* [WORK TASK] Below are some records. Return exactly their lines from the one containing "Project 3, Raspberry" through the one containing "Hi, my name", and drop the pictures.

* [LISTED RECORDS]

++++++

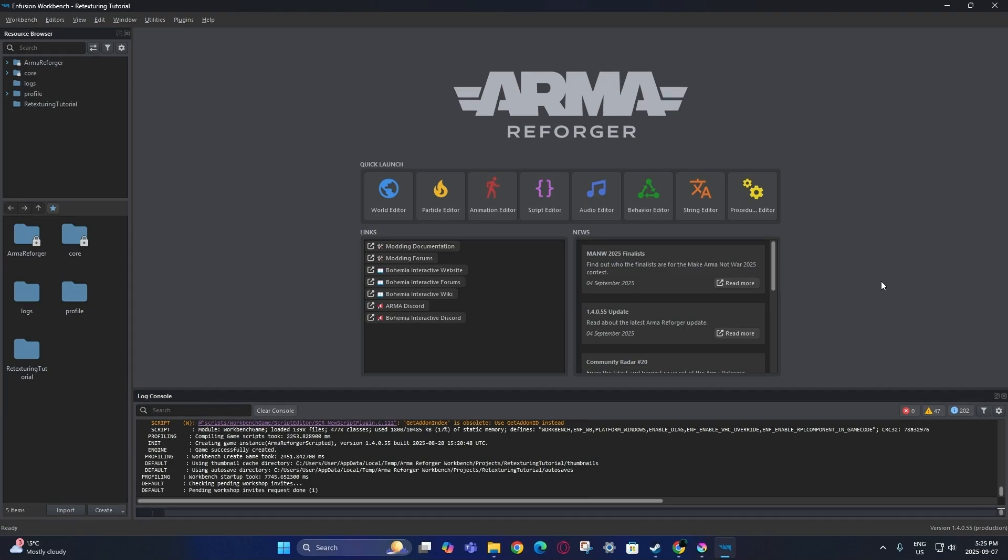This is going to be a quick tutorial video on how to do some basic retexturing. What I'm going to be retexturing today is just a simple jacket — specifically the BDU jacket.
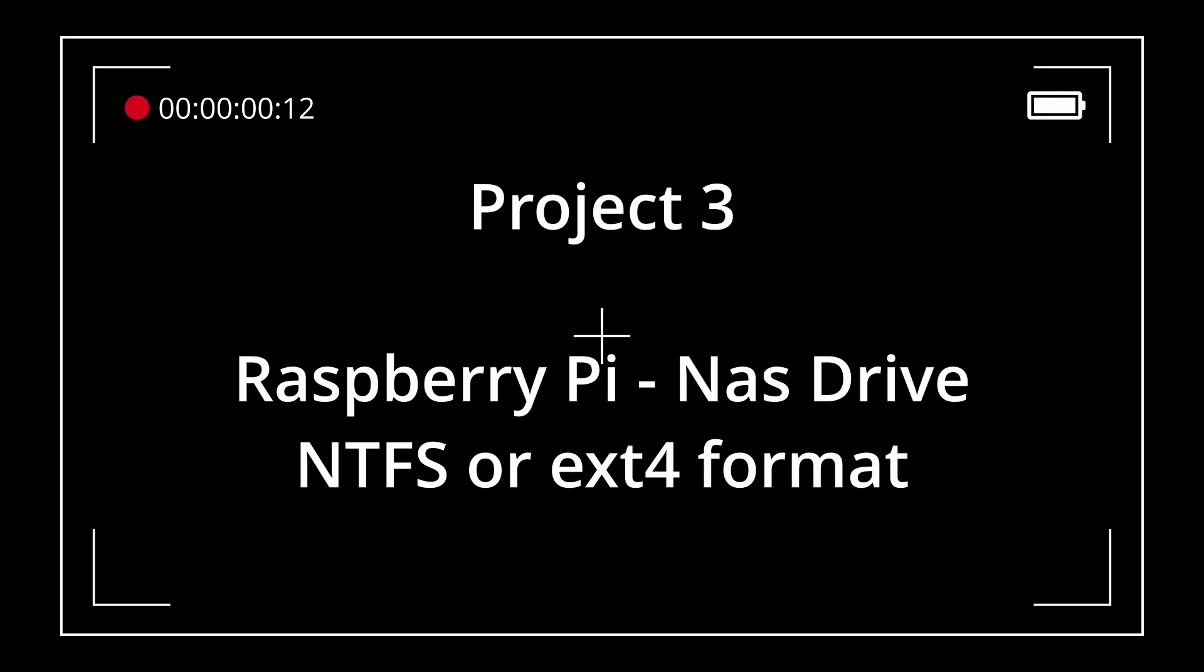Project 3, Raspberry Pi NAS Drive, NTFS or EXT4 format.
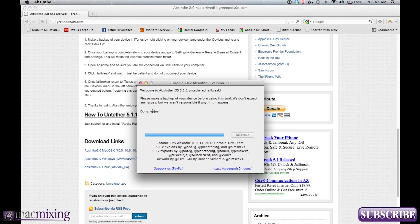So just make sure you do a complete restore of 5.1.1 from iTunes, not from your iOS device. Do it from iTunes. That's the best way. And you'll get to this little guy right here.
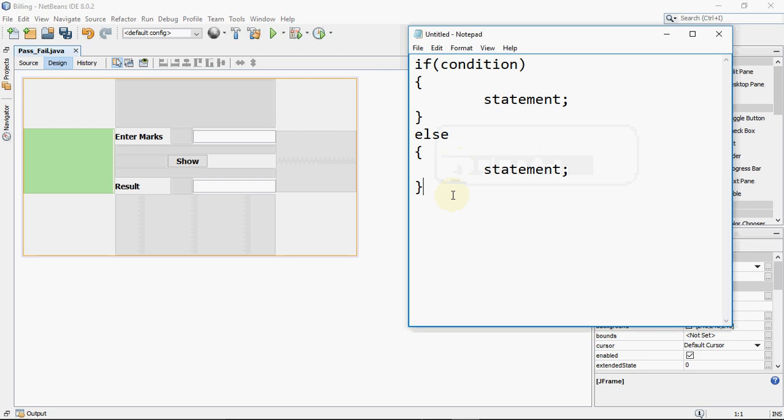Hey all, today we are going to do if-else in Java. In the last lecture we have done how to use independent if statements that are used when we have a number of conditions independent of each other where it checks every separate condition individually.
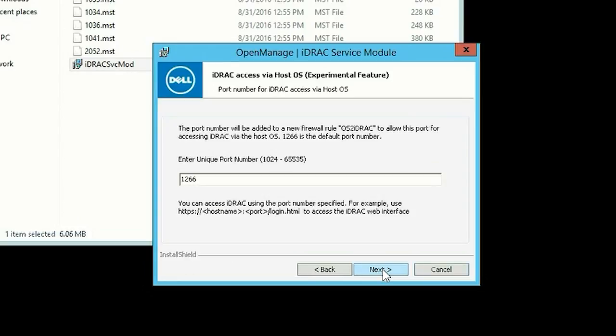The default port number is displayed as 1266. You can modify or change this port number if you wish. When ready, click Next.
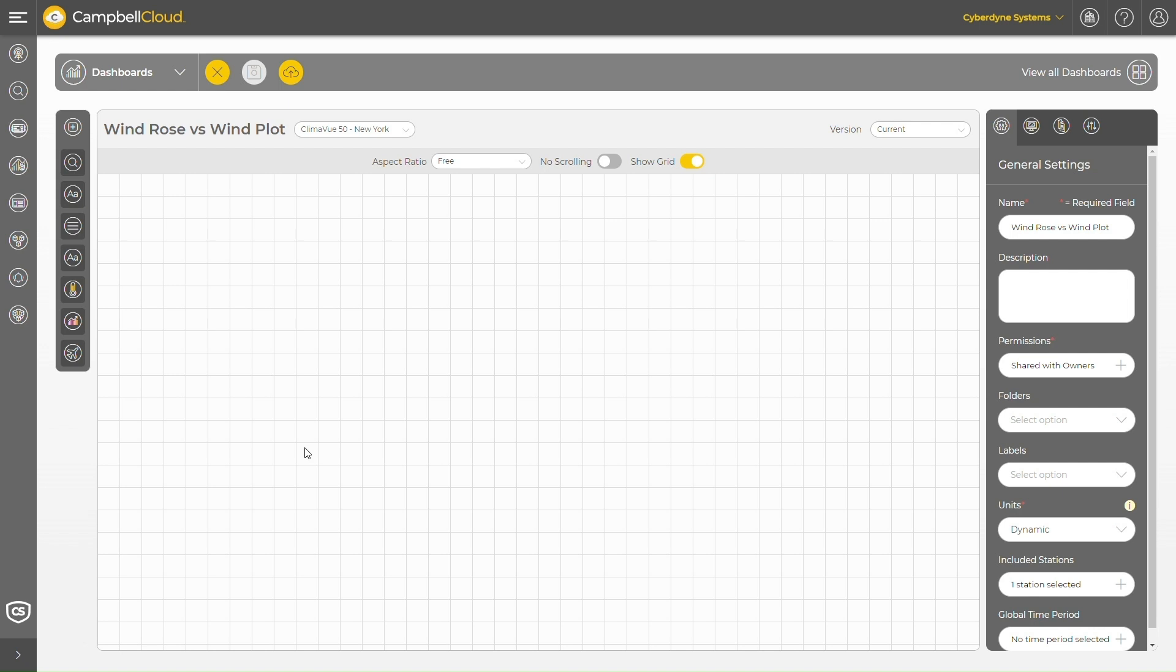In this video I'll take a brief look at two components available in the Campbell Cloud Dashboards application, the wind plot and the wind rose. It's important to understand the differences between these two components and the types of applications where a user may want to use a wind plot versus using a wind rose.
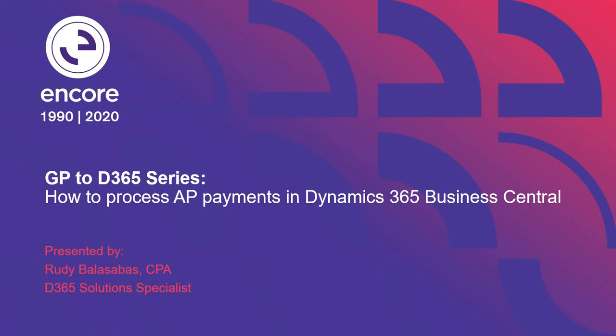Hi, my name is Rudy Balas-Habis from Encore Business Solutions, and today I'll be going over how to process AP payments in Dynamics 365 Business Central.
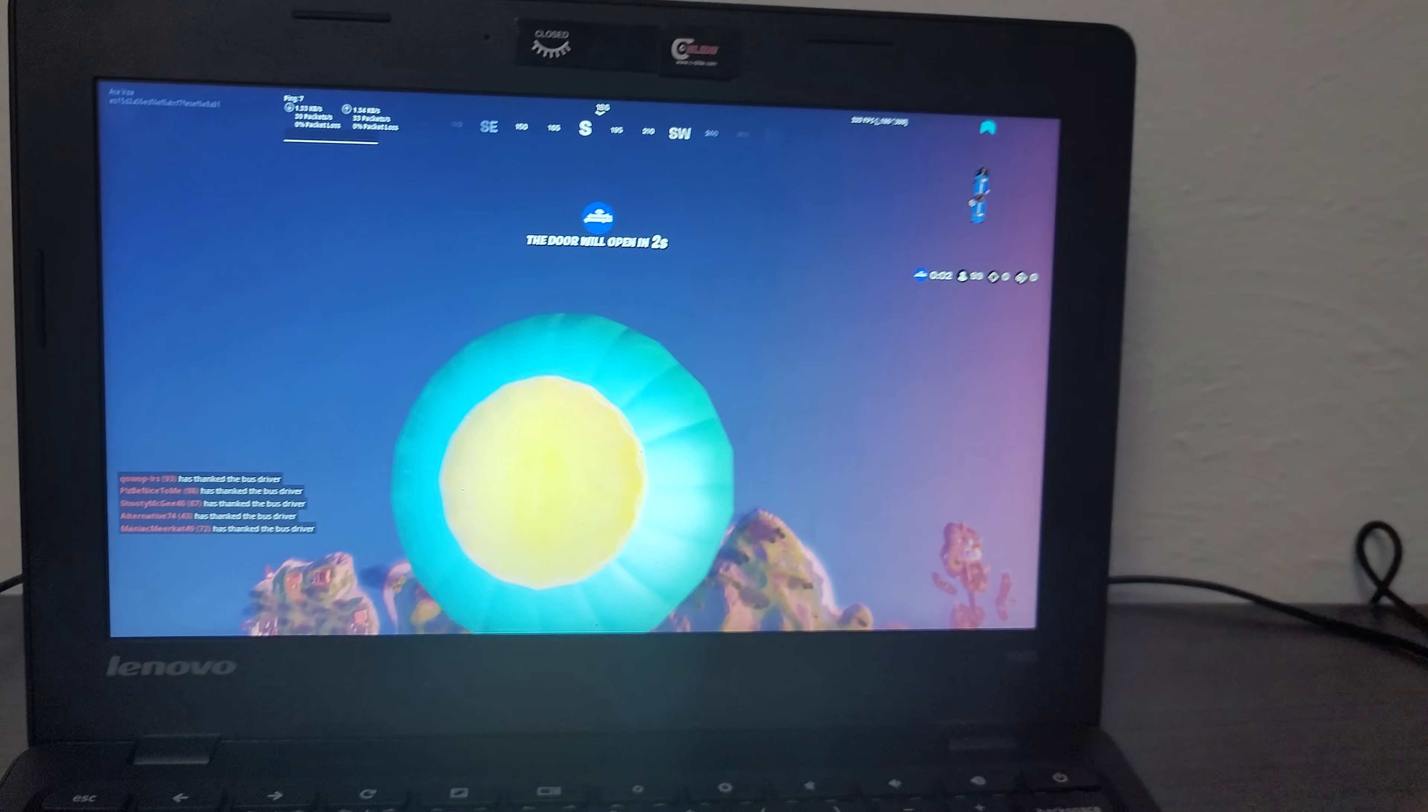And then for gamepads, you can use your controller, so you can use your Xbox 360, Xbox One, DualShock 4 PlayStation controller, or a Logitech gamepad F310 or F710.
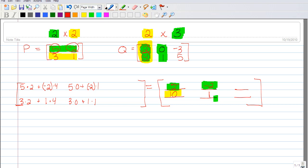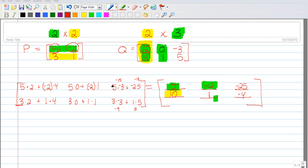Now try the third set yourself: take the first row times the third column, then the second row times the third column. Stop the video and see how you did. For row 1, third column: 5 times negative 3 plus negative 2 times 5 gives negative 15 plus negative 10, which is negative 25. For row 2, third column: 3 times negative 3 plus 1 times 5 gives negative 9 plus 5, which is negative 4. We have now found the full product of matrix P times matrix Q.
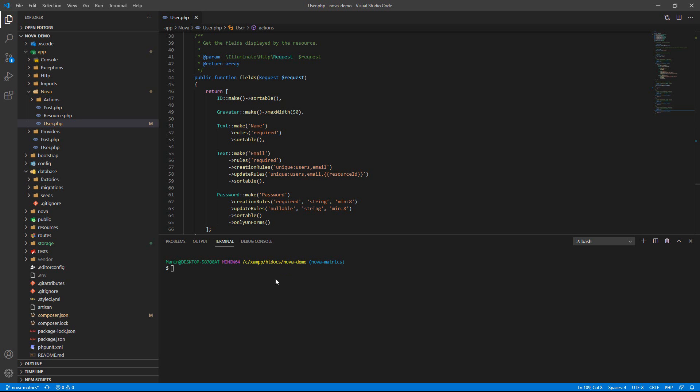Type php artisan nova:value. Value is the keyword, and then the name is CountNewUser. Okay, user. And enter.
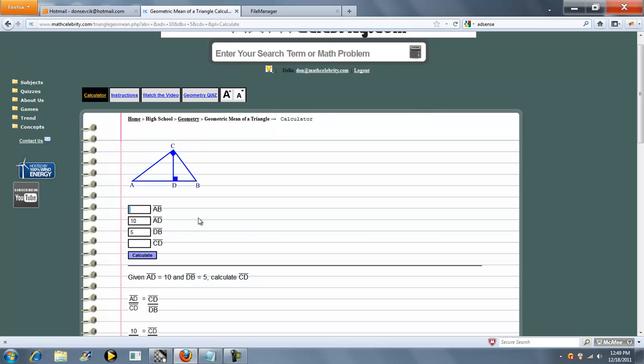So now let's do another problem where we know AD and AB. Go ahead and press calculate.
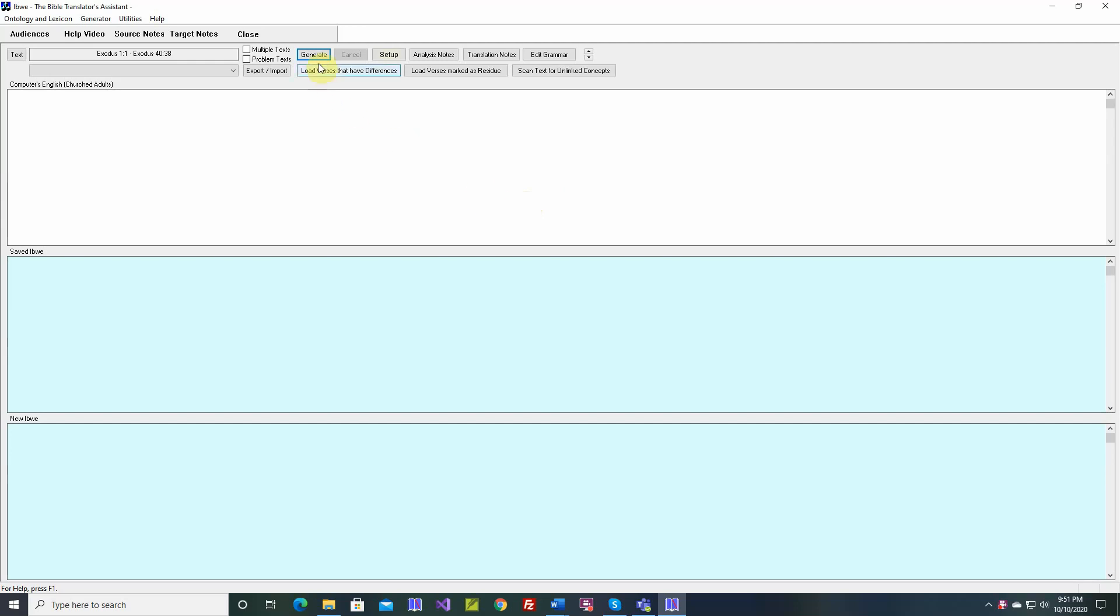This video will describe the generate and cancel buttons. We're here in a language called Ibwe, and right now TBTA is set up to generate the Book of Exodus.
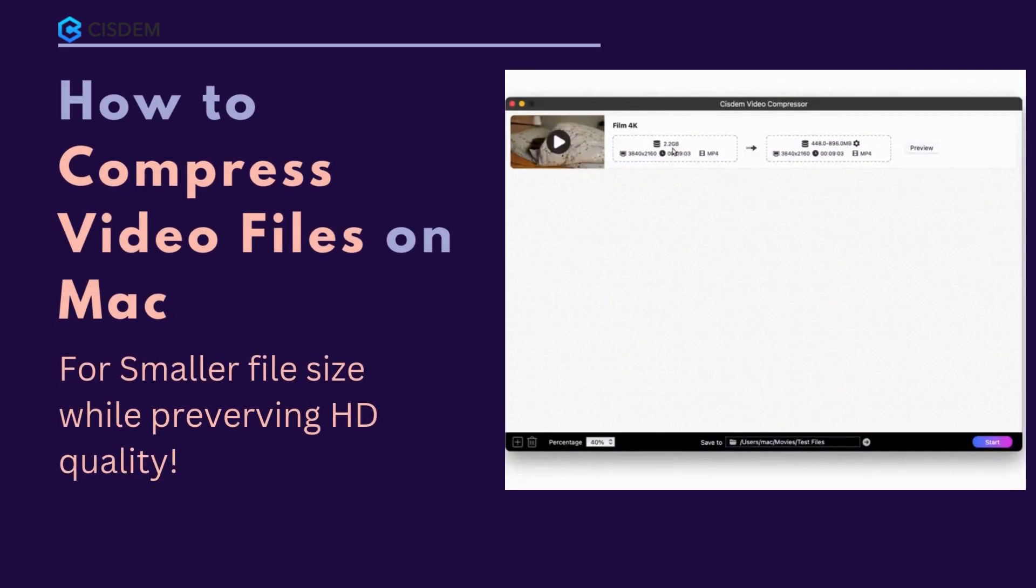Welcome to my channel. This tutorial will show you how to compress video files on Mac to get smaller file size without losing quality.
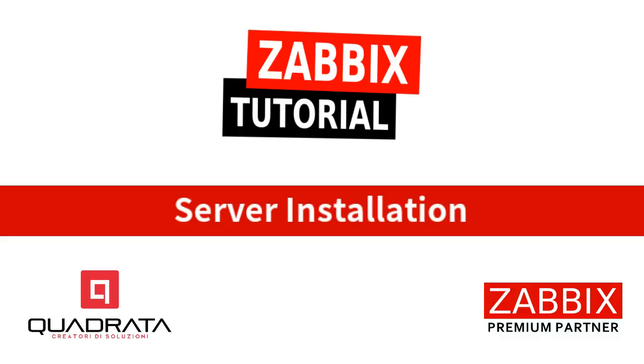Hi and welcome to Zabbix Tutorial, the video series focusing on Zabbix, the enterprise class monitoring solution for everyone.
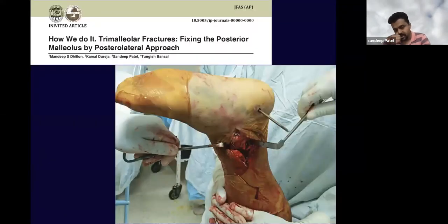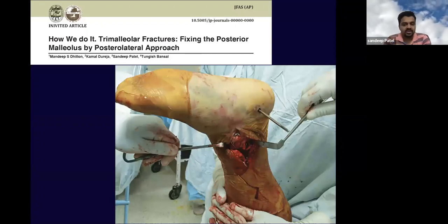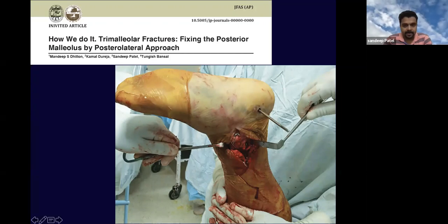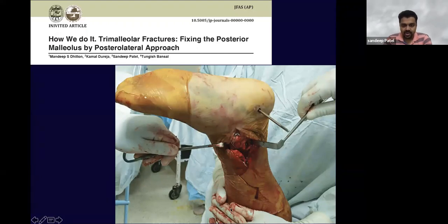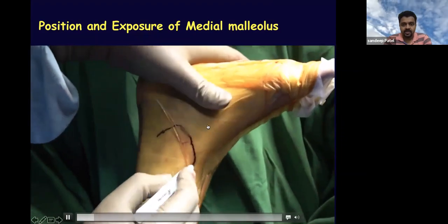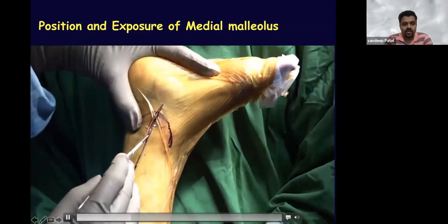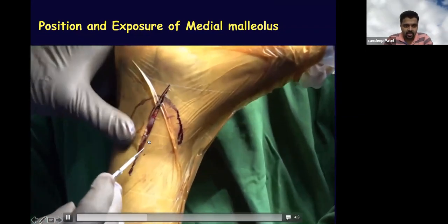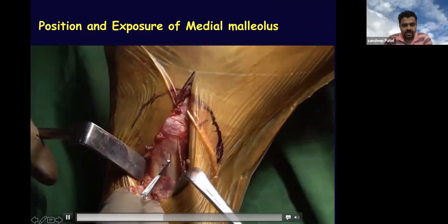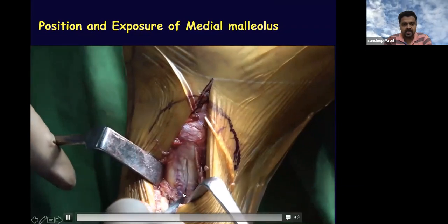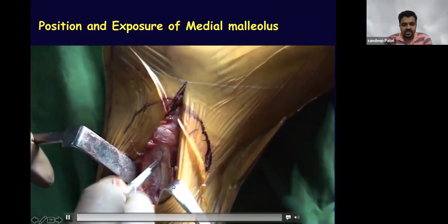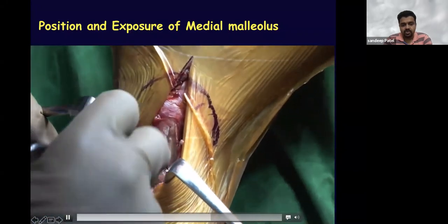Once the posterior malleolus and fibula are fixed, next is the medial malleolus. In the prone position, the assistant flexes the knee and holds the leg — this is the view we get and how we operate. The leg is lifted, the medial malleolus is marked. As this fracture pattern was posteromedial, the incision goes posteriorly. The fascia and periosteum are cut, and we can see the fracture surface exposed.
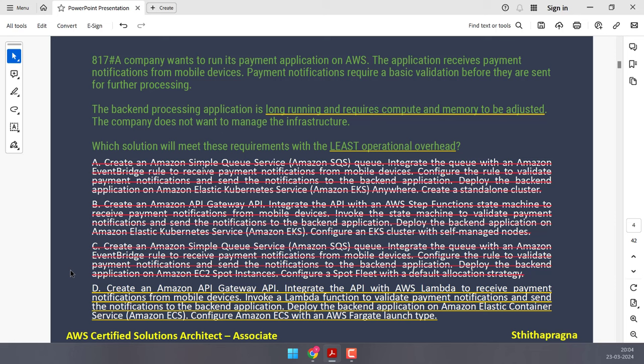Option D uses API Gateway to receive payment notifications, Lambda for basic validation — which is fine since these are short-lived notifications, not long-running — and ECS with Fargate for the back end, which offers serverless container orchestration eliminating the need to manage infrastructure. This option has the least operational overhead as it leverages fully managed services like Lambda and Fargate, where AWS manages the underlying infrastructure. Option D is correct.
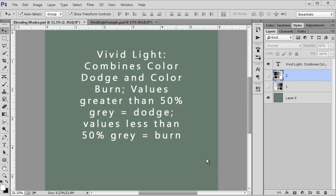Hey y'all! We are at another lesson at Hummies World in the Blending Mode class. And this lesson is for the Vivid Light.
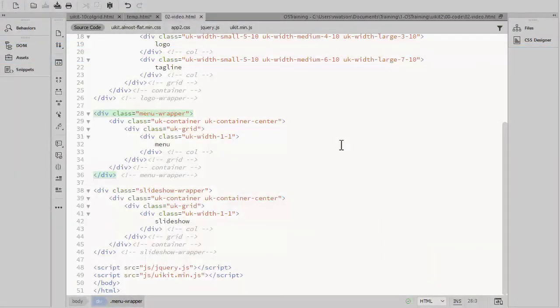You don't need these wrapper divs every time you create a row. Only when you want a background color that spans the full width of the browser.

++++++

* [TASK ANSWER]
Project 3, Raspberry Pi NAS Drive, NTFS or EXT4 format.
So just make sure you do a complete restore of 5.1.1 from iTunes, not from your iOS device. Do it from iTunes. That's the best way. And you'll get to this little guy right here.
Hey all, today we are going to do if-else in Java. In the last lecture we have done how to use independent if statements that are used when we have a number of conditions independent of each other where it checks every separate condition individually.
The default port number is displayed as 1266. You can modify or change this port number if you wish. When ready, click Next.
In this video I'll take a brief look at two components available in the Campbell Cloud Dashboards application, the wind plot and the wind rose. It's important to understand the differences between these two components and the types of applications where a user may want to use a wind plot versus using a wind rose.
Hi, my name is Rudy Balas-Habis from Encore Business Solutions, and today I'll be going over how to process AP payments in Dynamics 365 Business Central.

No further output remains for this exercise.